■ Exercise details: What you return must match the entries word for word, minus the pictures.

===== Provided records

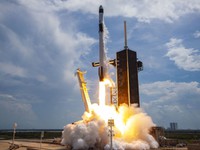 SpaceX phóng 13 vệ tinh quân sự lên quỹ đạo thấp quanh Trái đất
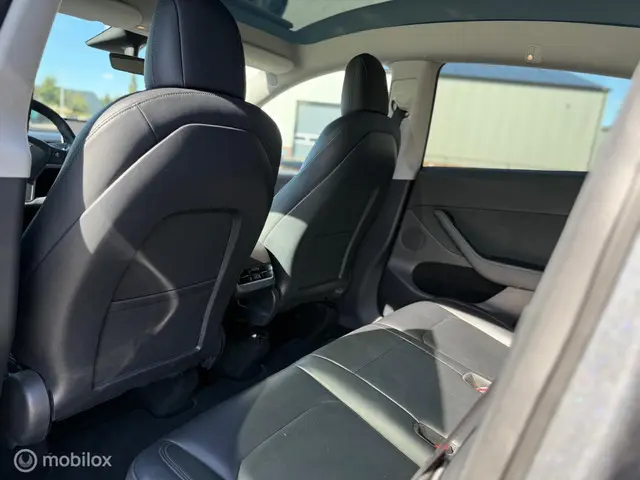 Tesla Model Y Long Range AWD 75 kWh 2021 Elektrisch 13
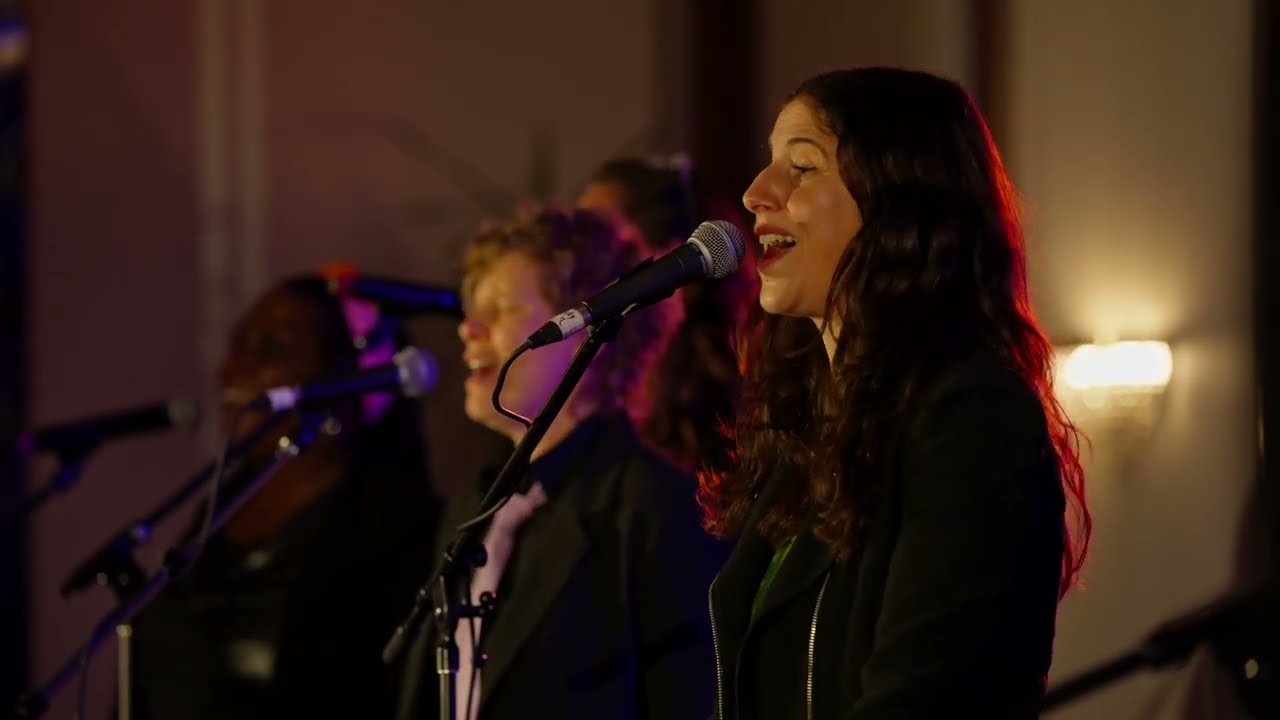 AV & The Inner City - Live at Blues Summit 10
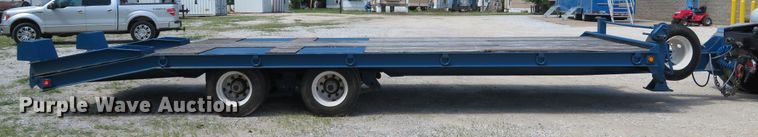 image for item DE8202 2012 Trail King TK40LP-262 equipment trailer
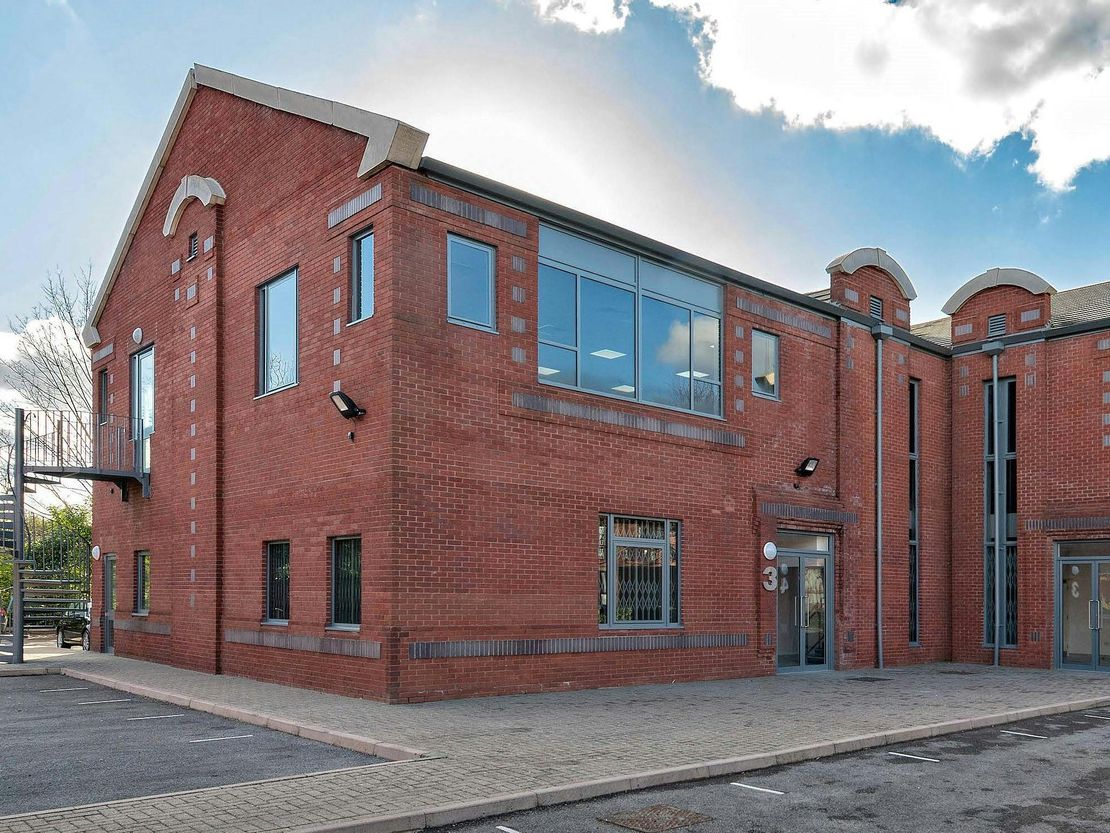 3 Waterside Court, Waterside Drive, Langley, Slough, SL3 6EZ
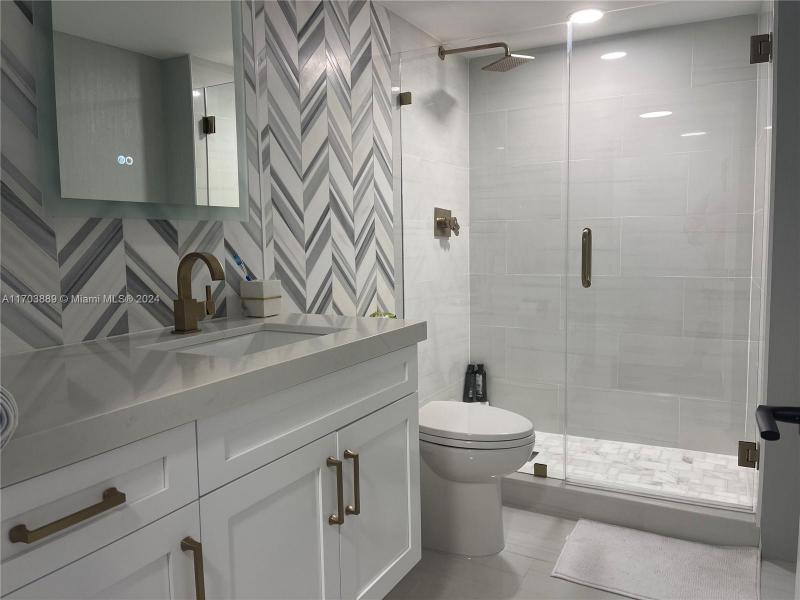Club Atlantis Apt #1409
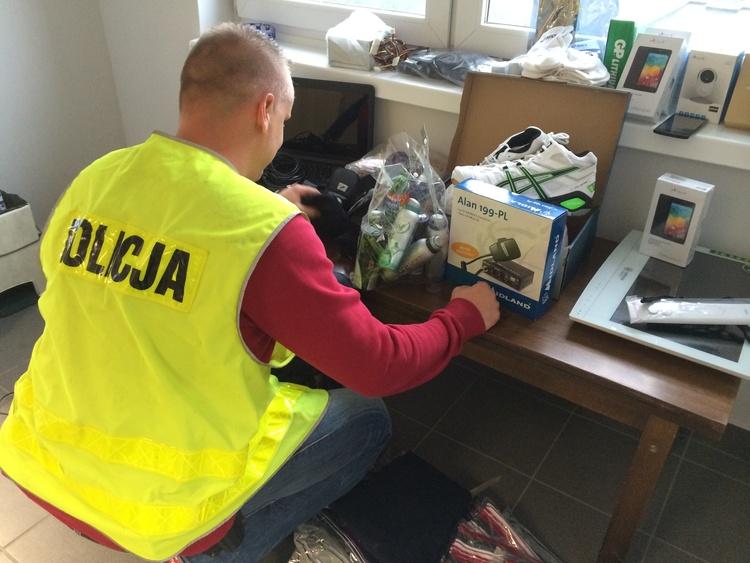 Plądrowali przesyłki kurierskie. Grozi im pięć lat więzienia 1 28996 eee2c24fdc4681f4c81438a00f8f8b26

==========

■ Response:
 SpaceX phóng 13 vệ tinh quân sự lên quỹ đạo thấp quanh Trái đất
 Tesla Model Y Long Range AWD 75 kWh 2021 Elektrisch 13
 AV & The Inner City - Live at Blues Summit 10
 image for item DE8202 2012 Trail King TK40LP-262 equipment trailer
 3 Waterside Court, Waterside Drive, Langley, Slough, SL3 6EZ
Club Atlantis Apt #1409
 Plądrowali przesyłki kurierskie. Grozi im pięć lat więzienia 1 28996 eee2c24fdc4681f4c81438a00f8f8b26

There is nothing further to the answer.